The case against grades

This is not my title I have stolen it from Alfie Kohn a long time promoter of the negative impacts that grades have on student learning. It is the title of the article that I am suggesting you should read if you have any interest in this topic.

The purpose of putting this article out there is not to suggest we should no longer use grades but to broaden our knowledge and understanding of what research says about such a deeply embedded policy in our educational system. By doing this we have a broader base of knowledge to then approach the issue in our own classrooms and at a whole site level.

Among other things the article covers the following:

  • Grades tend to diminish students’ interest in whatever they’re learning.
  • Grades create a preference for the easiest possible task.
  • Grades tend to reduce the quality of students’ thinking.
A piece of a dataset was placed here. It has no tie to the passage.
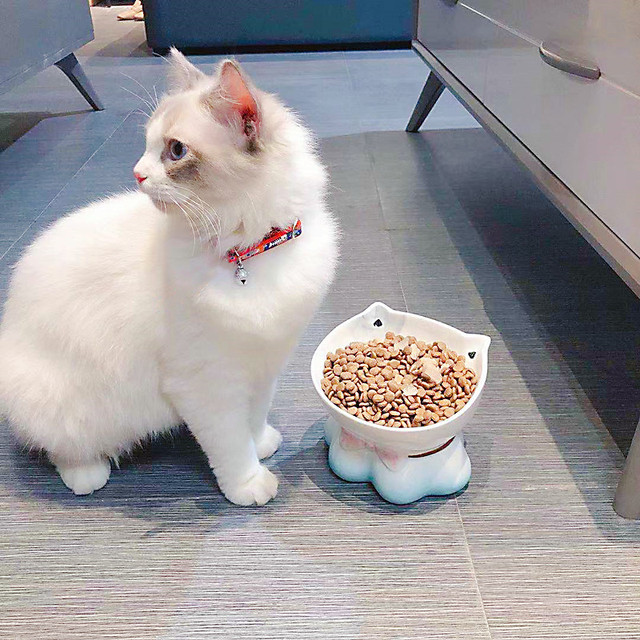 Wysokiej jakości ceramiczny zestaw miski dla kotów i psów, łatwe do czyszczenia i odporne na przewrócenie - Wianko - 4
The following information (a quote from the article) was reinforced to us by Dylan Wiliam in week 2 this term.

“It’s not enough to add narrative reports.  “When comments and grades coexist, the comments are written to justify the grade” (Wilson, 2009, p. 60).  Teachers report that students, for their part, often just turn to the grade and ignore the comment, but “when there’s only a comment, they read it,” says high school English teacher Jim Drier.  Moreover, research suggests that the harmful impact of grades on creativity is no less (and possibly even more) potent when a narrative accompanies them.  Narratives are helpful only in the absence of grades (Butler, 1988; Pulfrey et al., 2011).”